JAVA WAS ORIGINALLY CONCEIVED BY SUN MIRCOSYSTEMS to be used on embedded systems. However, it turned out to be a better language for the Internet because it offered a virtual machine that could run Java applications on all kinds of different architectures. Java is an object oriented programming language that supports automated memory management (= garbage collection), threads, and interfaces. Libraries like Java RMI (remote method invocation) are available to support semi transparent remote accessibility. This model, a typical thread based, transparent distribution model, is the focus of this appendix. We will investigate the suitability of Java and its thread based model for writing adaptors. This chapter explains why we opted for an event based model. It gives also isnight into the problems of creating adaptors for such models.
THE FIRST THING EVERY distributed application has to do before connecting a remote object, is looking up what object it should connect to. For this purpose Java RMI uses a special server which should be started on the machine where remote objects will be exported. This server is called the RMI registry.
If an object wants to export itself it can use the Naming class to export its own name to the registry. From then on all applications can ask the registry a reference for the object with that name.

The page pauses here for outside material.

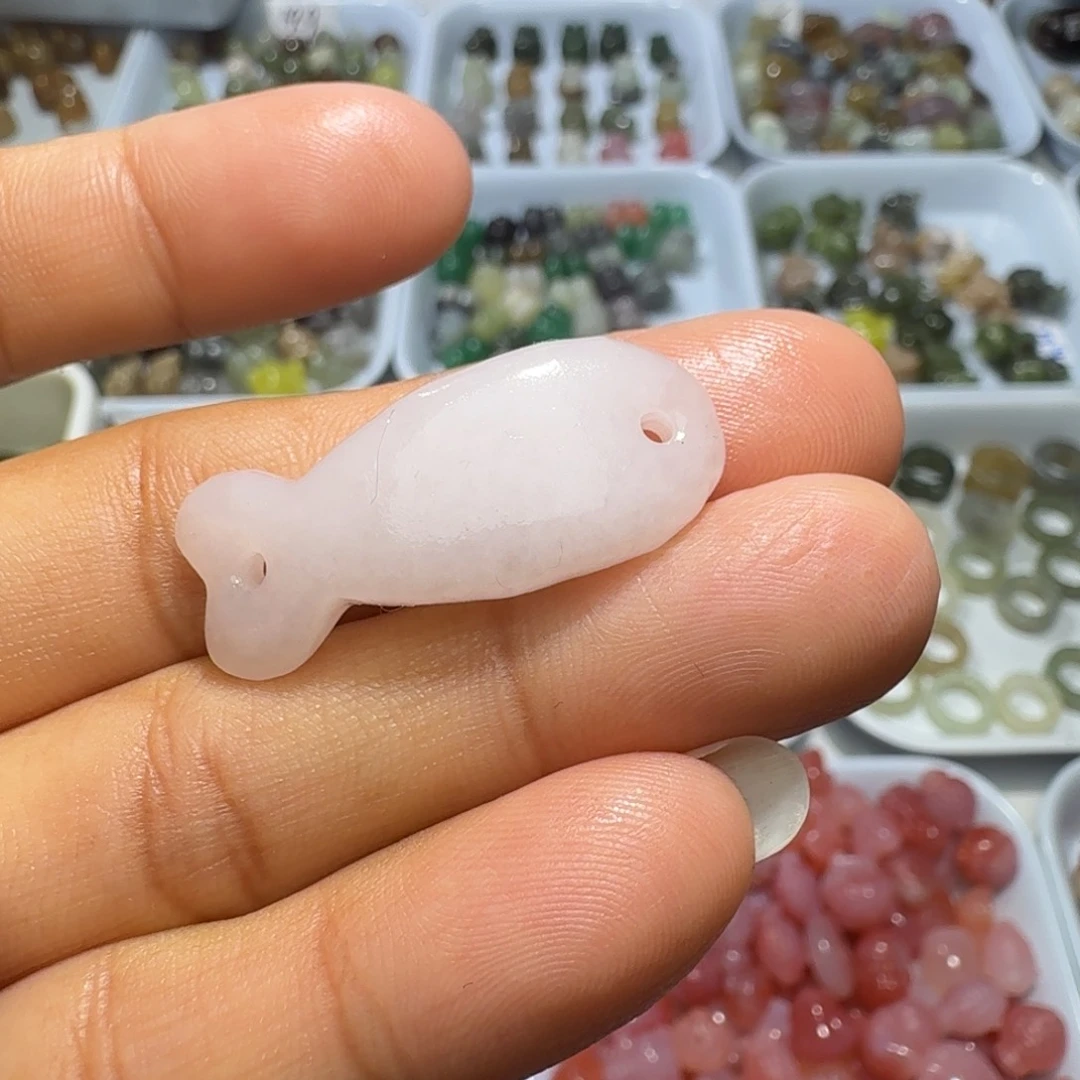 和田玉未镶嵌珠宝奇石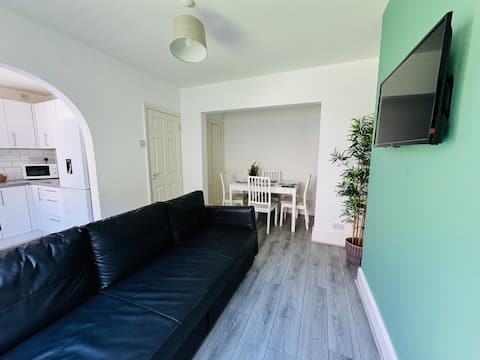 Top Airbnb: Spacious 4BR House • City Centre • Sleeps 8 in Old Swan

It is clear that such a mechanism is very rudimentary, because we still need to know the name of the machine where the registry (and the objects as such) are running. To support new technologies, such as wireless embedded devices, Sun developed JINI, which allows peers (clients) to look up other peers (servers) using a description of the required capabilities, instead of a simple name. The initial lookup to find a JINI directory server is done with a broadcast.

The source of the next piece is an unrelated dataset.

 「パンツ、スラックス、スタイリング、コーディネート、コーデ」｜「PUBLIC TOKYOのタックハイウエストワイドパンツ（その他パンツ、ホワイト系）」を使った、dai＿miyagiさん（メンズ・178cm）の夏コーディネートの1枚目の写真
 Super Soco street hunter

JAVA PROCESSES can communicate by using Java RMI. Note that Java RMI can only communicate between Java Processes, which is a major drawback of RMI.
Sun's serialization and deserialization interface to Java [CFKL91] helps with exporting an object graph to a byte stream. The standard behavior for serialization is to serialize the object and all the objects it contains. If we want to modify this behavior we have to implement an externalizable interface which describes how the object is to be exported.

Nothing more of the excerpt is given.